There are two good code duplication detector already available.
  1. CPD (Copy Paste Detector) from PMD project.
  2. Simian from RedHill Consulting.
I am big fan of reuse and try to avoid rewrites as much as possible. Still in this case both tools were not appropriate for my need.

Out of box CPD supports only Java, JSP, C, C++, Fortran and PHP code. I wanted C# and other languates also. It means I have to write a lexers for any new language that I need.

Simian supports almost all common languages. but it is 'closed' source. Hence i cannot customize or adopt it for my needs.

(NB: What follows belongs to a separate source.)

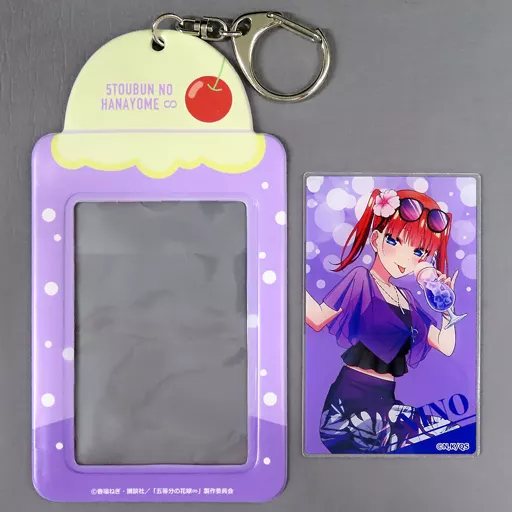 中野二乃 アクリルシートホルダー＜Resort Mood＞ 「五等分の花嫁∽ Resort Mood in アトレ秋葉原」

So the option was to write my own. I decided to write it in Python. Thanks to Python and tools available with Python, it was really quick to write. In 3 days, I wrote a nice Code Duplication Detector which supports lots of languages and optimized it also.

The key parts for writing a duplication detector are
  1. Lexers (to generate tokens by parsing the source code)
  2. good string matching algorithm to detect the duplicates.
I wanted to avoid writing my own lexers since it meant writing a new lexer every time I want to support a new language. I decided to piggy back on excellent lexers from Pygments project. Pygments is a 'syntax highligher' written in Python. It already supports large number of programing languages and markups and it is actively developed.

For algorithms, I started by studying CPD. CPD pages just mentions that it uses Rabin Karp string matching algorithm however I could not find any design document. However there are many good refrences and code examples of Rabin Karp algorithm on internet. (e.g. Rabin Karp Wikipedia entry). After some experimentation I was able to implement it in Python.

After combining the two parts, the Code Duplication Detector (CDD) was ready. I tested it on Apache httpd server source. After two iterations of bug fixes and optimizations, it can process 865 files of Apache httpd source code in about 3min 30 seconds. Not bad for a 3 days work.

Check the duplicates found in source code ofApache httpd server and Apache Tomcat server
  • Duplicates found in Apache httpd server source using CDD
    Number of files analyzed : 865
    Number of duplicate found : 161
    Time required for detection : 3 min 30 seconds

  • Duplicate found in Apache Tomcat source code using CDD
    Number of files analyzed : 1774
    Number of duplicate found : 436
    Time required for detection : 19 min 35 seconds
Jai Ho Python :-)

Now I have started working on (a) visualization of amount of duplication in various modules (b) generating 'tag clouds' for source keywords, class names.

PS> I intend to make the code CDD code available under BSD license. It will take some more time. Mean while if you are interested in trying it out, send me a mail and I will email the current source.

Update (21 July 2009) - CDD Code is now available at part of Thinking Craftsman Toolkit project on google code.